On 9/18/2012 4:35 AM, GuoZhong Han wrote:
> Hi Stan:
>         Thanks for your advice. In your last mail, you mentioned XFS
> file system. According to your suggestion, I changed the file system
> from raid5 (4*2T, chunksize: 128K, strip_catch_size:2048) to XFS. Then
> I did a write performance test on XFS.
> The test was as follows:
>         My program used 4 threads to do parallel writing to 30 files
> with 1MB/s writing speed on each file. Each thread was bound on a
> single core. The estimated total speed should be stable at 30MB/s. I
> recorded the total writing speed every second in the test.

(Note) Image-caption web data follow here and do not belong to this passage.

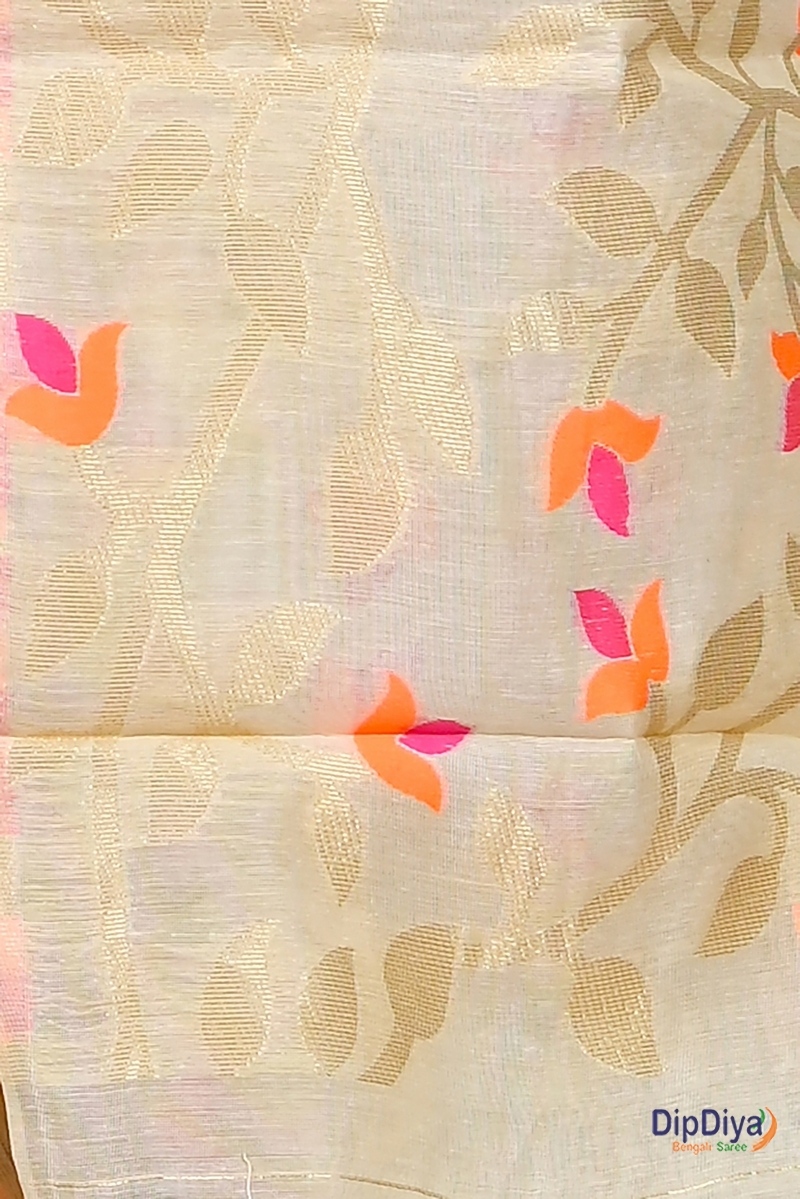 Off White Cotton Silk Parmix Hand Loom Saree (391)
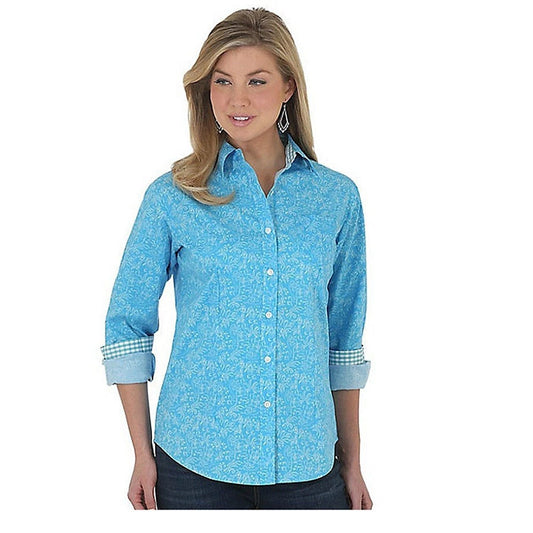 Wrangler Women's Long Sleeve George Strait for Her Turquoise Print Shirt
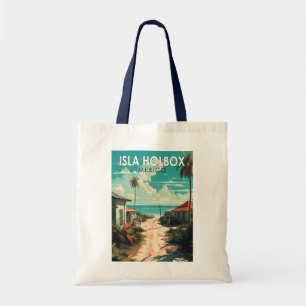 Bolsa Tote Ilha Holbox México Viagem Arte Vintage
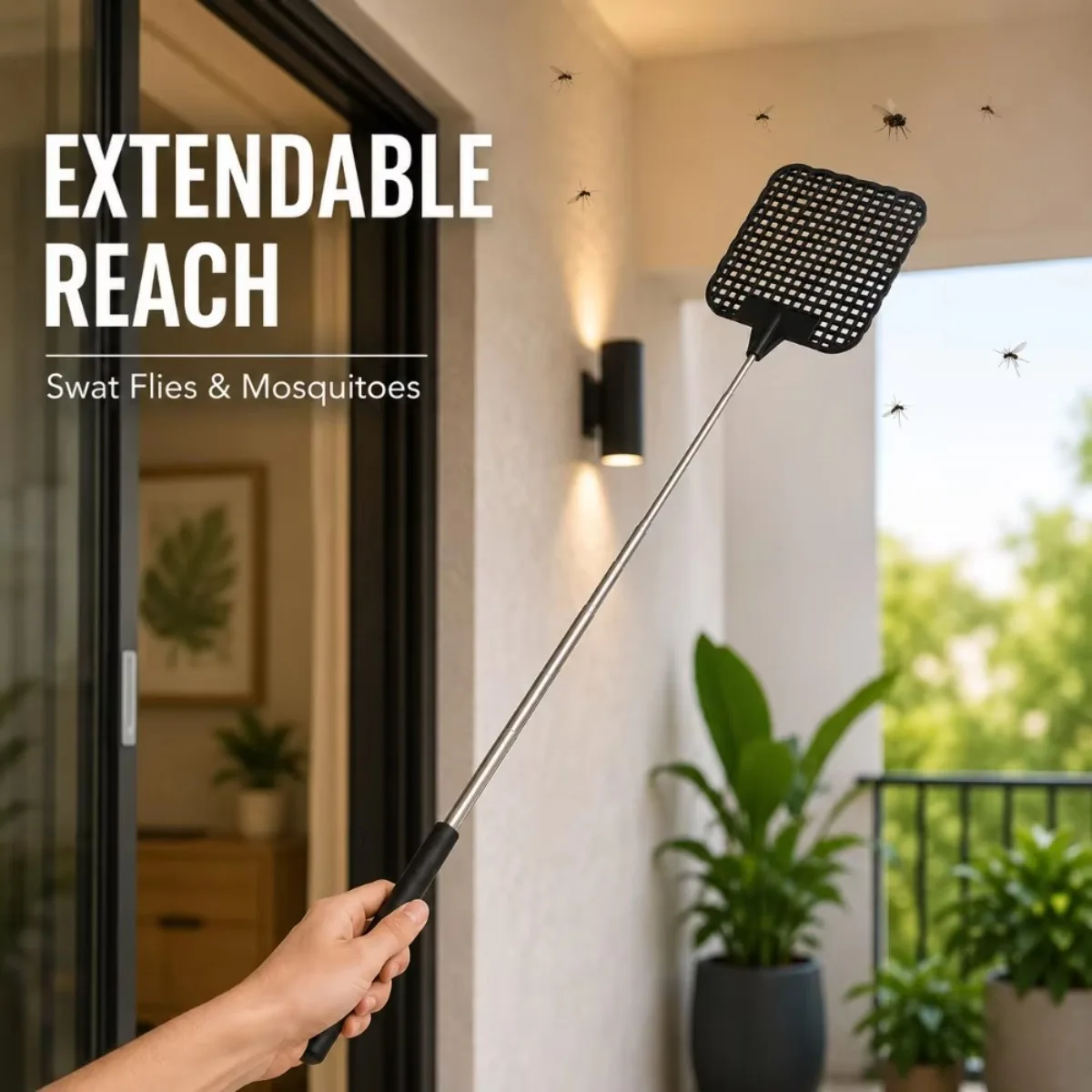 1 Pack Black Telescopic Fly Swatter Stainless Steel Extendable Handle Mosquito Swatter for Home Kitchen Indoor Outdoor Use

Compared
> with speed of ext4, when the array was going to be full, the
> performance of XFS has indeed increased. The time to create the XFS
> file system was much less than the cost of ext4. However, I found that
> the total speed wasn’t steady. Although most of time the speed can
> reach to 30M/s, it fell to only about 10MB/s in rare cases. Writing to
> 30 files in parallel was supposed to be easy. Why did this happen?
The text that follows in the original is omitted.